From dc2cf00e890463e6702a15fda56ed7c699287fe9 Mon Sep 17 00:00:00 2001
From: Shai Fultheim <shai.fultheim@gmail.com>
Date: Sun, 24 May 2026 14:19:56 +0300
Subject: [PATCH] crimson/os/seastore: enforce capacity in
 RBMCleaner::try_reserve_projected_usage

RBMCleaner::try_reserve_projected_usage always returned true and just
incremented stats.projected_used_bytes. The EPM BackgroundProcess
relies on the return value to block IO when the device is full, so
this effectively disabled backpressure for the RANDOM_BLOCK_SSD
backend: concurrent transactions could each reserve unbounded amounts,
and the over-commit surfaced downstream as `unexpected enospc` asserts
in the data path (object_data_handler.cc and friends, where ENOSPC is
treated as crimson::ct_error::enospc::assert_failure because the
existing infrastructure assumes ENOSPC is impossible). The OSD aborted
under sustained random-write workloads that exceeded RBM capacity.

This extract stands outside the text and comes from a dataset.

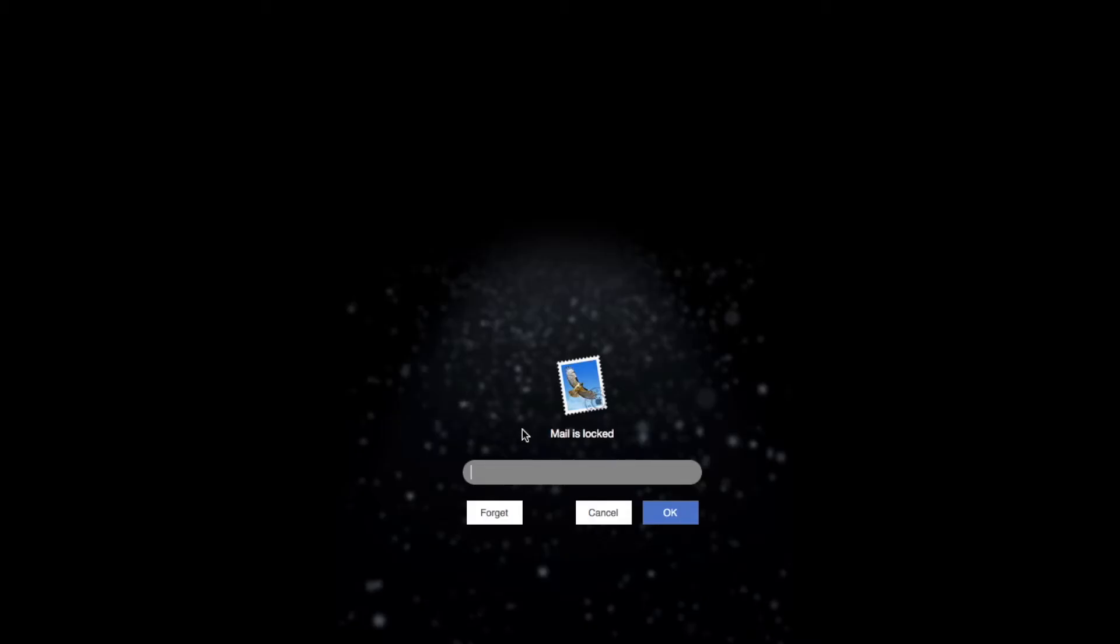As you can see, mail is locked. Unlock it by entering the password.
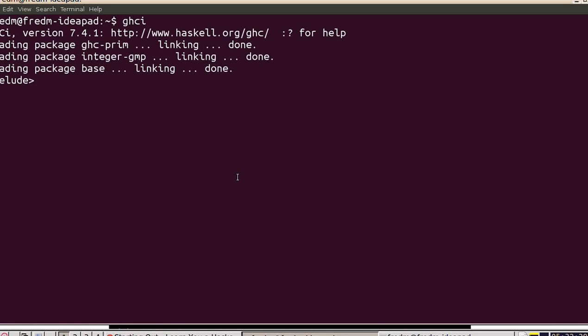Let's start exploring at the Haskell prompt. We can type expressions and they will be evaluated. For example, I can type 3 plus 4 and it evaluates to 7.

Compute the device's data capacity as total - journal, subtract a 5%
headroom (for metadata writes and fragmentation slack the AVL allocator
cannot pack into), and reject reservations that would push
used + projected over the line. The existing EPM blocking-IO path
(extent_placement_manager.cc:726) already queues the IO until
release_projected_usage wakes it, so no caller-side changes are needed.

This is the minimal fix to keep the OSD alive under sustained random
writes. It converts a crash into a stall: once the device fills and
the cleaner has nothing to free (RBMCleaner::clean_space is still a
TODO), new writes block indefinitely instead of crashing. Verified
against an 8-job 1MB random-write fio (--size 63g, 90GB RBM, 3GB
journal): 68 GB user-written, host WAF 1.696, OSD survives, watchdog
kills fio after slow-ops timeout. Without this patch the same workload
asserts in the data path.

The headroom is intentionally generous (5%) because there is no GC
yet; once RBMCleaner::clean_space() exists, the headroom can shrink.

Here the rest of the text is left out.